More

    3 Underappreciated Skills to Make You A Next-Level Data Scientist

    Go beyond the standard curriculum to get the most out of your data

    Photo by Possessed Photography on Unsplash

    “Don’t get a PhD in History,” I was once told by a PhD Student in History. I wasn’t planning on it, but I must admit I found the tip to be a bit ironic and amusing, in particular because of where it was coming from.

    I was given this advice by an old TA of mine, a graduate student instructor for an introductory history class I had to take during my first year of college. In his self-deprecating style, he was simply trying to convey that the skill set granted by an advanced history degree wasn’t what the job market needed these days.

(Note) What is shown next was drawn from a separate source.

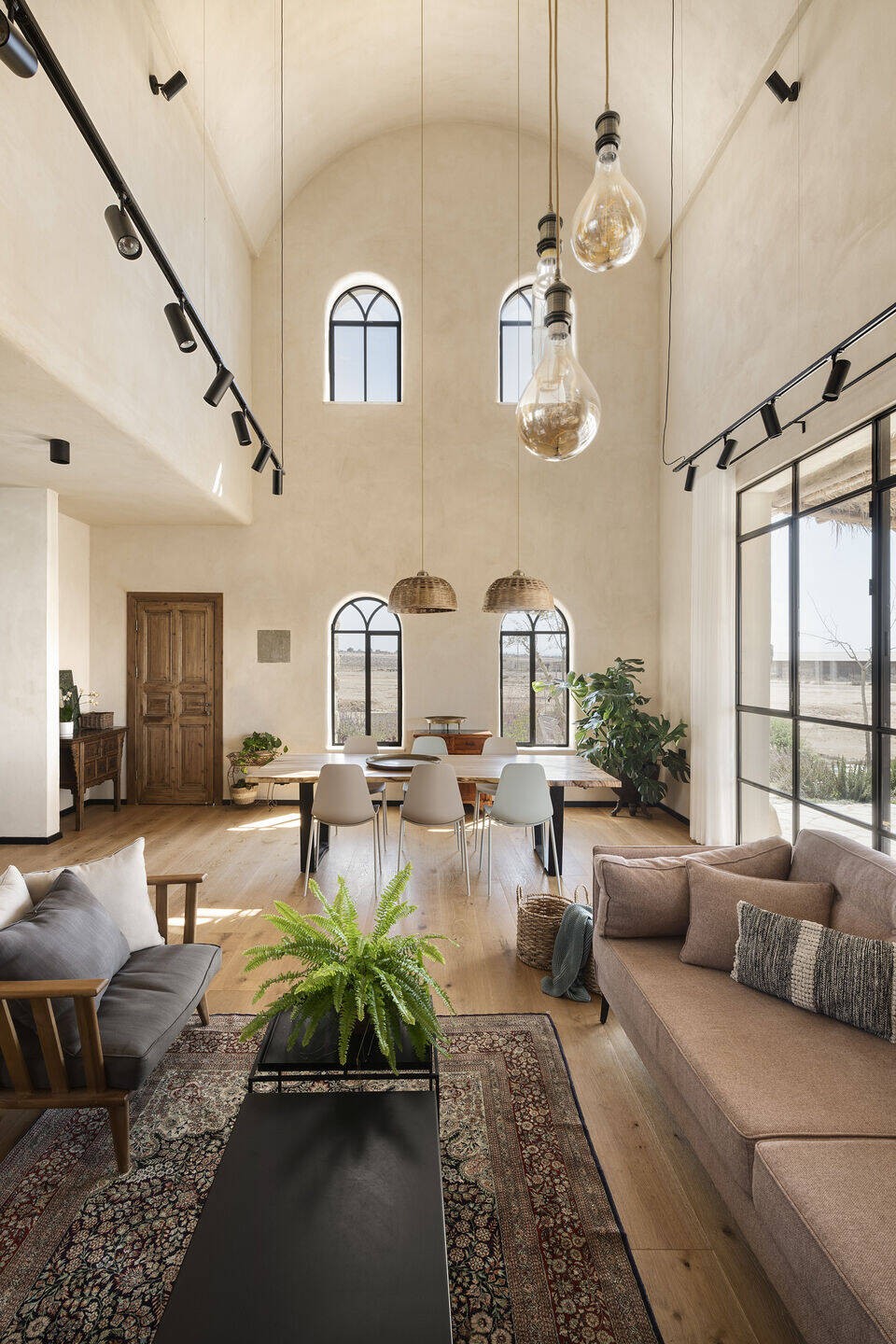 
Gia chủ khéo léo phân chia khu vực phòng khách và bàn ăn bằng cách dùng thảm trải sàn thổ cẩm mang phong cách Trung Đông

    That said, there was a silver lining, at least for undergraduates in history. That same TA also told me a separate, positive story about history. He detailed how he had a friend back in college who majored in history and as a result picked up stellar oral and written communication skills. Post-college, an old colleague working in the trenches of the tech industry ran into him, and upon seeing his skill set, offered him a position in a top-tier customer-facing role, which this history graduate excelled in (while making a boatload of money, I might add).

    Both these stories illustrate an important point: in the job market, you expand your chances of getting hired if you have a skill an employer is in desperate need of. Oftentimes, the necessary skill might be a bit unorthodox —such as in the case of a history major breaking into the tech field above — but that’s exactly what makes it in demand. Standard members of the field haven’t mastered it — and thus it is coveted.

    Data science is a vast and ever-growing field, drawing new proselytes by day and further hypnotizing existing members by night. However, despite its popularity, most people who come into data science roles tend to display the same standard set of skills: data management, proficiency in statistics and probability, user testing, basic data analysis, and foundations of machine learning, among others.

    While these skills are undeniably important, you become increasingly attractive to an employer if you combine them with other, less common skills that are nevertheless beneficial to the data science workflow. In this article, I’ll discuss three underappreciated skills you can pick up to add a bit of glamor to your resume as it competes with all the others out there.

    Visualization

    One of the primary goals of data science in general is to glean meaningful insights from data and subsequently present those insights to some target audience. Although this is often done through the standard pipeline of data cleaning, analysis, and modeling, there is another related task which many lack tangible experience in: data visualization.

    In the words of U.C. Berkeley professor Marti Hearst, a renowned information visualization researcher, “visual representations can communicate information more rapidly and effectively than text” [1]. Think about the average person sitting on their couch watching the news. Are they going to want to listen to a long lecture about the results of a model full of numbers, equations, and complexities?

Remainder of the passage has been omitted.